A l'image de ce qu'elles désignent déjà dans la recherche et l'enseignement supérieur, les humanités numériques à l'École pourraient de même qualifier l'émergence d'un espace d'échange interdisciplinaire ayant l'éducation pour finalité et le numérique comme environnement et langage communs [Doc. 1 et 3].

Mais le fait d'accoler cet idéal de développement et de partage des savoirs (1) à un tournant technologique est aussi un rappel que les savoirs (dans leur construction, leur organisation, leur représentation et leur diffusion) s'inscrivent toujours dans un contexte sociotechnique donné (2) [Doc. 2].

Élèves, professeurs, chercheurs ayant pour objet commun le savoir et la façon dont il est construit, il peut être utile en effet de rappeler que notre vision du monde et notre savoir dépendent de médiations qu'il s'agit non seulement d'utiliser mais aussi d'étudier en tant que telles et dont il faut au minimum prendre conscience (3) [Doc. 5].

Il s'agit donc de penser le numérique comme culture et penser la culture et le savoir tels qu'ils sont modifiés par l'environnement numérique (qui est désormais l'affaire de tous et non des seuls techniciens).

Les humanités numériques à l'École sont donc à la fois un moment, celui que nous vivons depuis maintenant une décennie et un mouvement, ou une communauté, à laquelle il faut adjoindre les autres lieux de savoirs (bibliothèques/médiathèques, musées, centres culturels, centres de formation, etc.) ; une communauté académique au sens large [Doc. 5] telle qu'elle est appelée à se réinventer et à se ressourcer à l'heure du numérique, pris comme une chance et non comme un danger.

Les humanités numériques à l'École : quelle traduction pédagogique ?

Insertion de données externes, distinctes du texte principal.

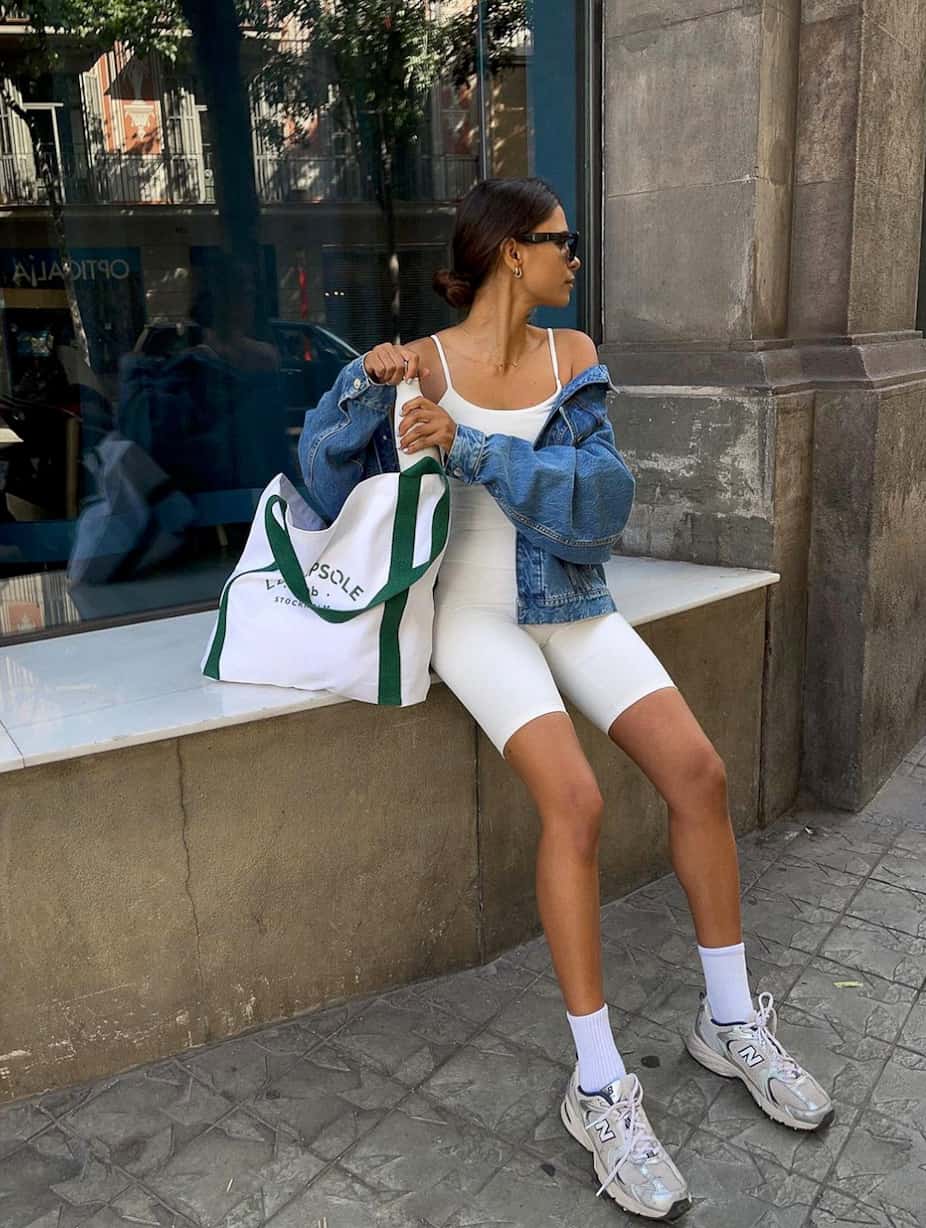 woman wearing a white spandex onesie with an oversized denim jacket, socks, and new balance sneakers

Les humanités numériques à l'École peuvent se traduire par deux types d'action mobilisant l'ensemble des équipes éducatives :

- une veille continue sur la façon dont les processus de construction, de représentation et de diffusion des savoirs sont augmentés et/ou bouleversés par les mutations technologiques contemporaines et la "mise en données" des sciences (4) ;

- à partir des potentialités du numérique, l'introduction de modalités d'enseignement et d'apprentissage valorisant les diverses formes de travail collectif (contributif, collaboratif, utilisant notamment les réseaux sociaux et les outils d'annotation) "dans une démarche active, productive et citoyenne" (5) [Document 10].

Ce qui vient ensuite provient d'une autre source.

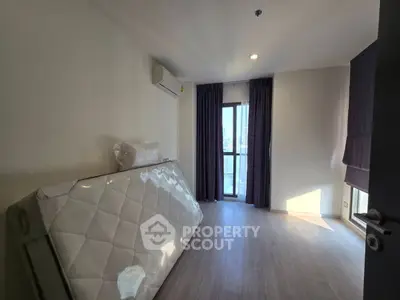 Spacious bedroom with natural light and air conditioning, featuring a large window and modern flooring.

Au fond, faire des humanités numériques, non comme spécialité ou discipline supplémentaire, mais comme tronc commun, c'est revenir aux sources mêmes de l'humanisme et du projet scolaire [Doc. 7 et 8 et schéma] en intégrant la littératie numérique dans la formation du citoyen, pour ne pas laisser les jeunes apprendre "le monde qui vient" sans l'École (6) [Doc. 6]. 

Notes

Notes

(1) Un idéal porteur au moins d'un triple héritage gréco-romain (Paideia, Humanitas, Académie), humaniste (celui de la Renaissance et des Lumières) et républicain (projet scolaire des fondateurs de la République).

(2) A savoir, et à très grands traits, une civilisation de l'oralité et du livre rare (Antiquité et Moyen âge), suivie d'une civilisation du livre diffusé puis industrialisé (époque moderne et contemporaine), sans oublier l'évolution des instruments de mesure, d'écriture, de trace et de recherche propres à chaque grand domaine de connaissance.

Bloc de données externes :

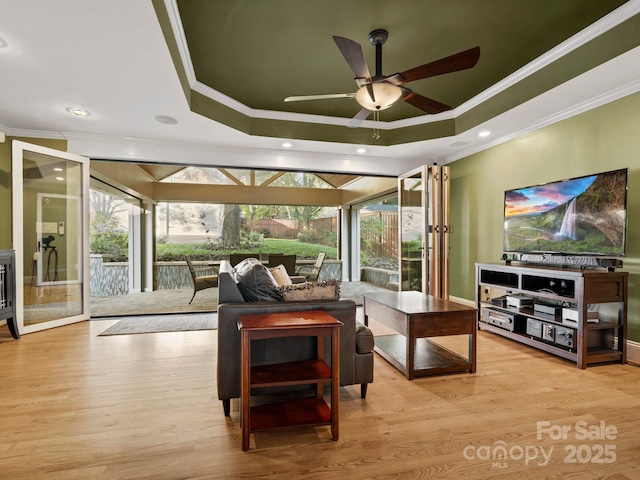 living room with crown molding, light hardwood / wood-style floors, and a raised ceiling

(3) "Nous avons les sciences de nos outils" comme le rappelle opportunément Dominique Boullier dans sa conférence en ligne sur les "sciences sociales de troisième génération" (octobre 2015).

(4) Voir notamment l'article de Frédéric Clavert, "Mise en données du monde, mise en données de l’histoire ?", 12/07/13

(5) Guide du numérique éducatif du Pôle numérique de l'académie de Créteil, site des Médiafiches, 2014. A noter que la nécessité de "Comprendre et intégrer les enjeux de la littératie numérique - S’informer sur les enjeux contemporains du numérique (réseaux sociaux, sécurité et confidentialité des données personnelles, économie de la connaissance, big data, mouvement des humanités numériques, etc.)" est désormais une exigence intégrée à l'offre de formation dans l'académie de Créteil.

(6) Pour reprendre une partie du titre de l'ouvrage collectif de 2011 : D. Kambouchner, P. Meirieu, B. Stiegler, J. Gautier et G. Vergne, L'école, le numérique et la société qui vient, Paris, Mille et une nuits, 2011

Parcours de lecture

Parcours de lecture

Document 1 : Manifeste des humanités numériques (collectif, 2010)

"1. Le tournant numérique pris par la société modifie et interroge les conditions de production et de diffusion des savoirs.

2. Pour nous, les digital humanities concernent l’ensemble des Sciences humaines et sociales, des Arts et des Lettres. Les digital humanities ne font pas table rase du passé. Elles s’appuient, au contraire, sur l’ensemble des paradigmes, savoir-faire et connaissances propres à ces disciplines, tout en mobilisant les outils et les perspectives singulières du champ du numérique.

3. Les digital humanities désignent une transdiscipline, porteuse des méthodes, des dispositifs et des perspectives heuristiques liés au numérique dans le domaine des Sciences humaines et sociales. (...)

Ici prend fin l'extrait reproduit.